ACTIVITY:
What is needed is the exact text of each line in the listing below from the one with "Ref. 37 CAMOGLI APARTMENT IN VILLA For sale Ref." up to and including the one with "Load image into", and no pictures.

SOURCE INFORMATION:
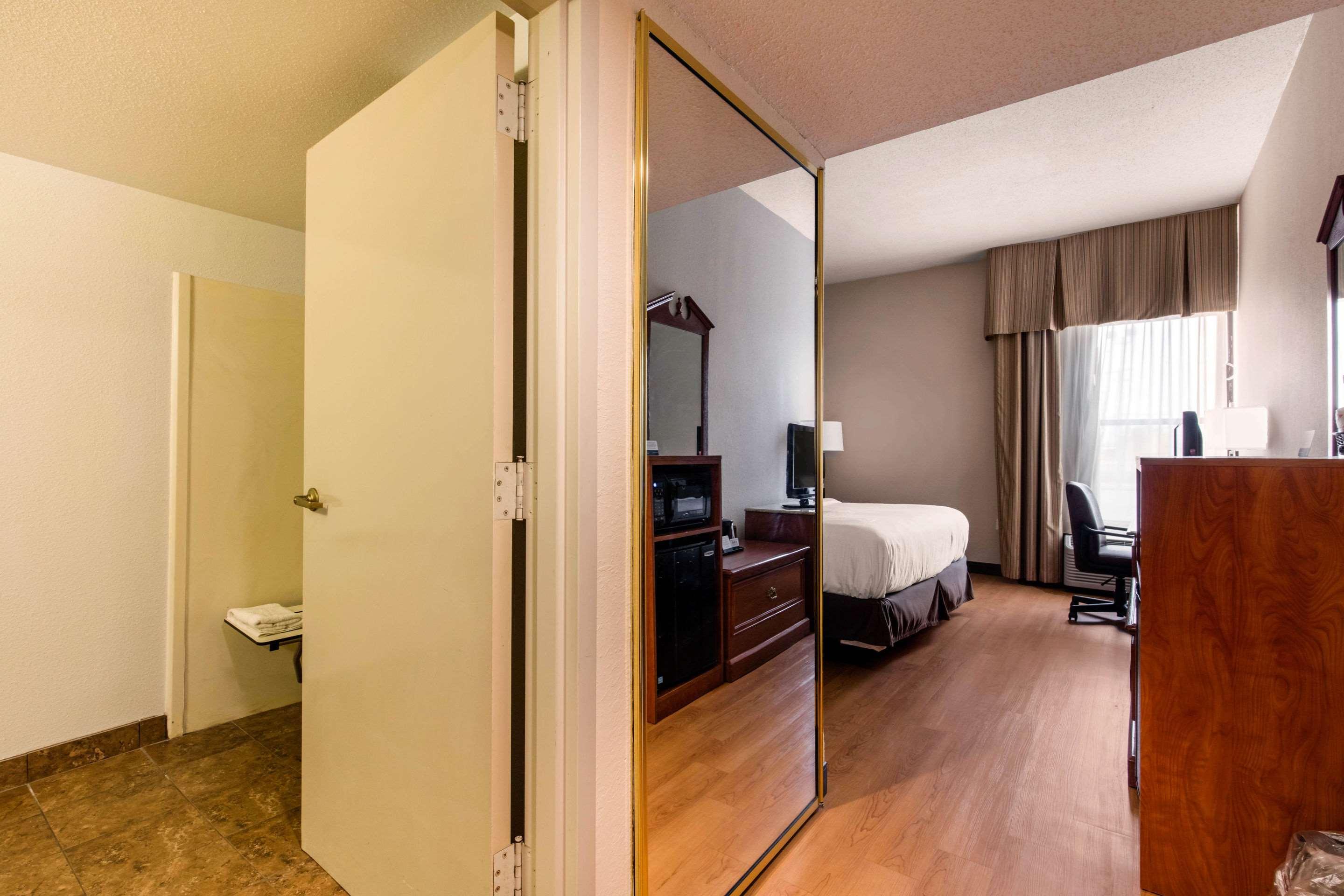 Quality Inn Valley - West Point Bagian luar foto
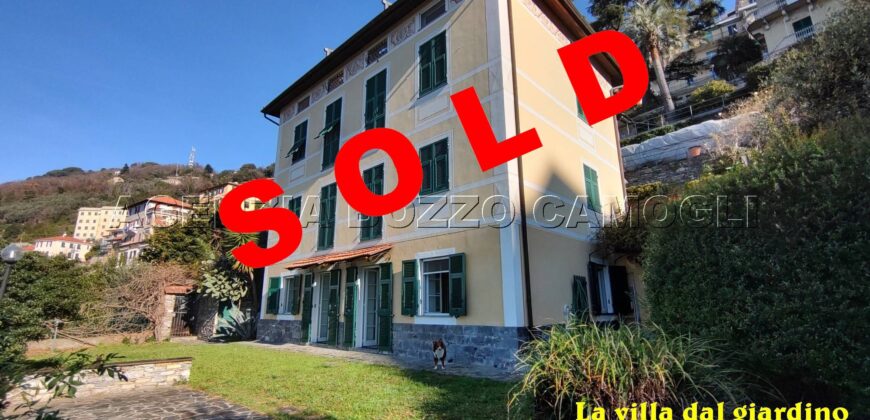 Ref. 37 CAMOGLI APARTMENT IN VILLA For sale Ref. 37 CAMOGLI APARTMENT IN VILLA For sale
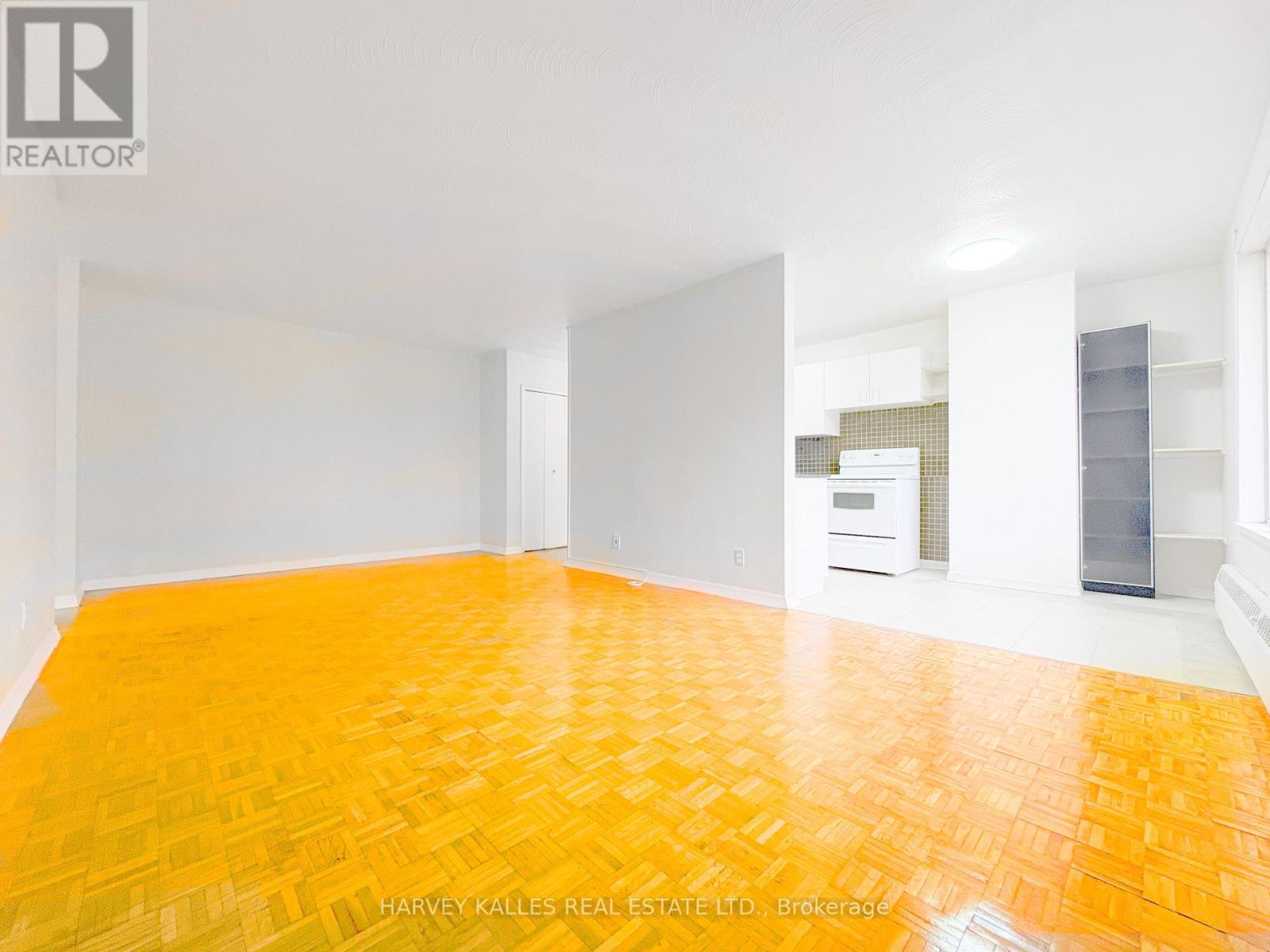 8 - 90 Blackfriar Avenue, Toronto, Ontario  M9R 3S9 - Photo 10 - W12889432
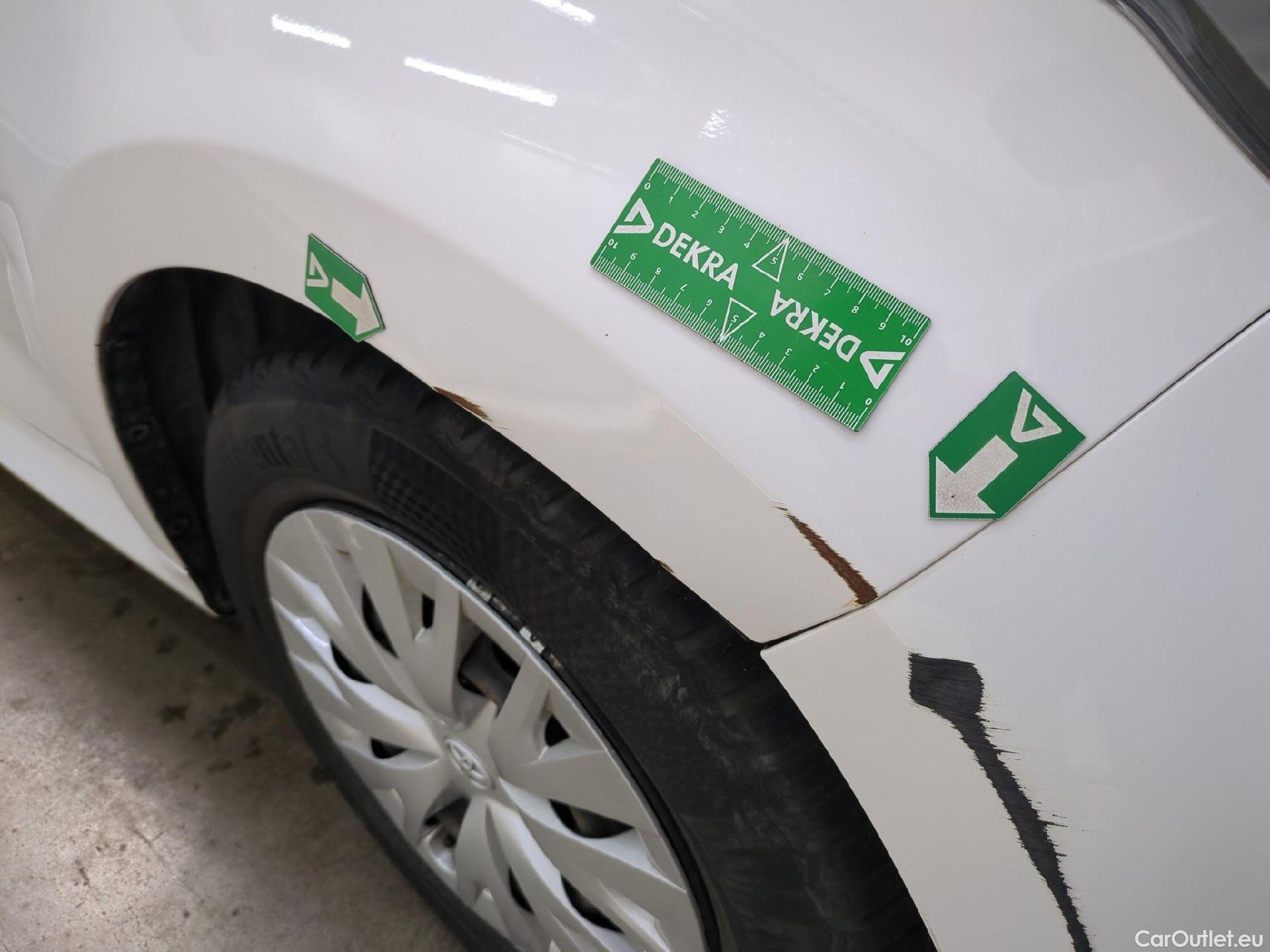  Toyota  Yaris TOYOTA  Hybride / 2019 / 5P / Berline Hybride 116h France #37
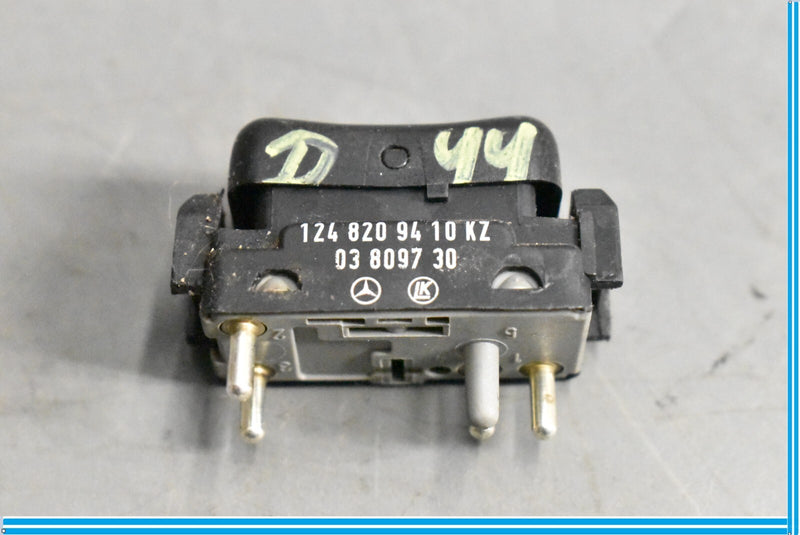 Load image into Gallery viewer, 86-95 Mercedes E320 300CE 300E W124 Rear Door Window Switch Button Oem
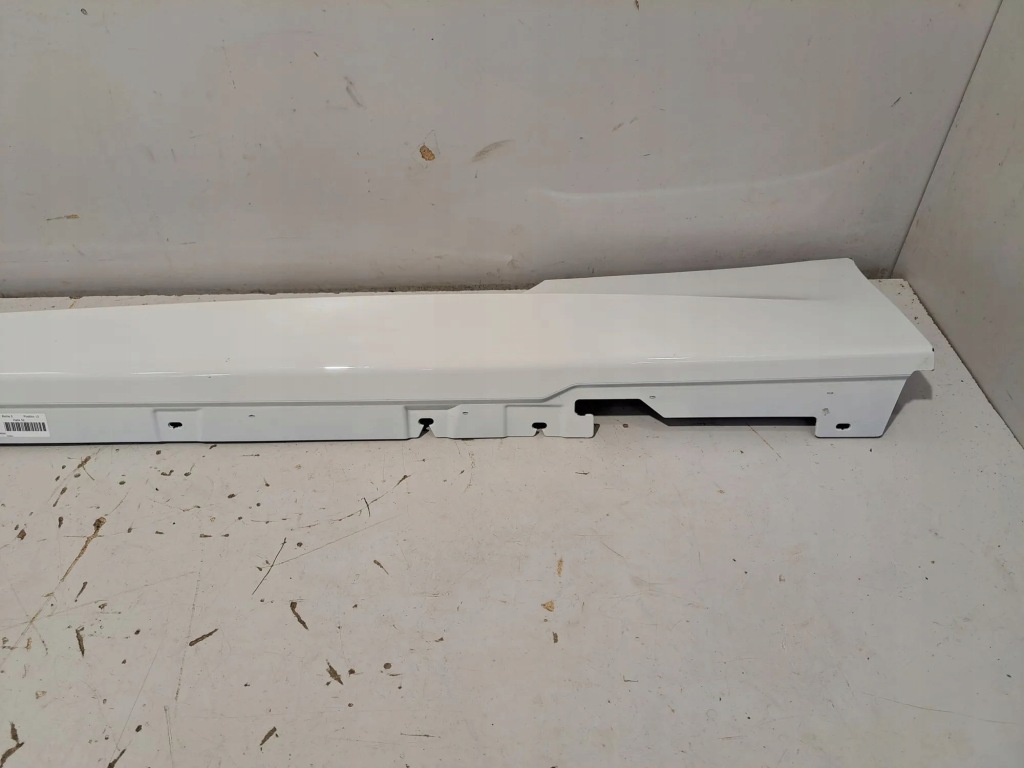Накладка поріг m ліва сторона bmw m8 f91 f92 g14 g15 8076269 Доставка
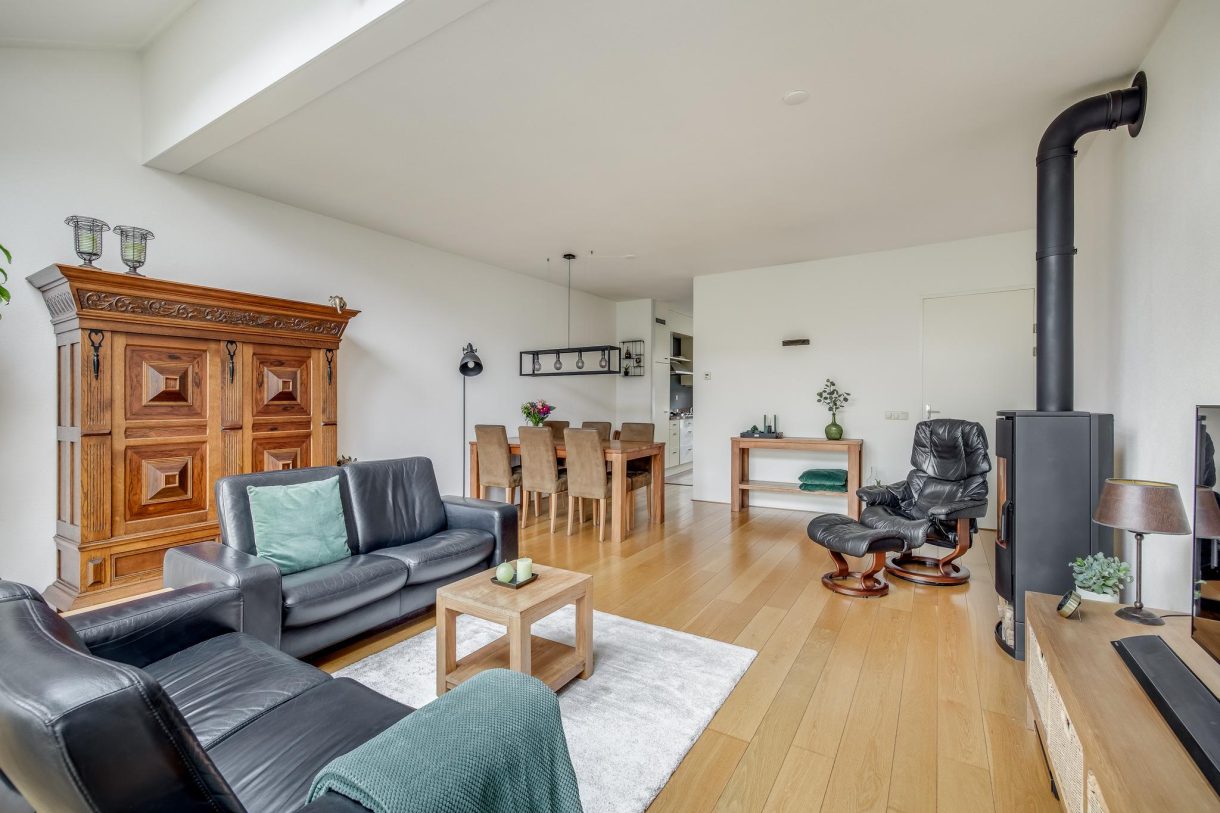 Te koop: Foto Woonhuis aan de Sparrenhout 5 in Houten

RESPONSE TO THIS EXERCISE:
 Ref. 37 CAMOGLI APARTMENT IN VILLA For sale Ref. 37 CAMOGLI APARTMENT IN VILLA For sale
 8 - 90 Blackfriar Avenue, Toronto, Ontario  M9R 3S9 - Photo 10 - W12889432
  Toyota  Yaris TOYOTA  Hybride / 2019 / 5P / Berline Hybride 116h France #37
 Load image into Gallery viewer, 86-95 Mercedes E320 300CE 300E W124 Rear Door Window Switch Button Oem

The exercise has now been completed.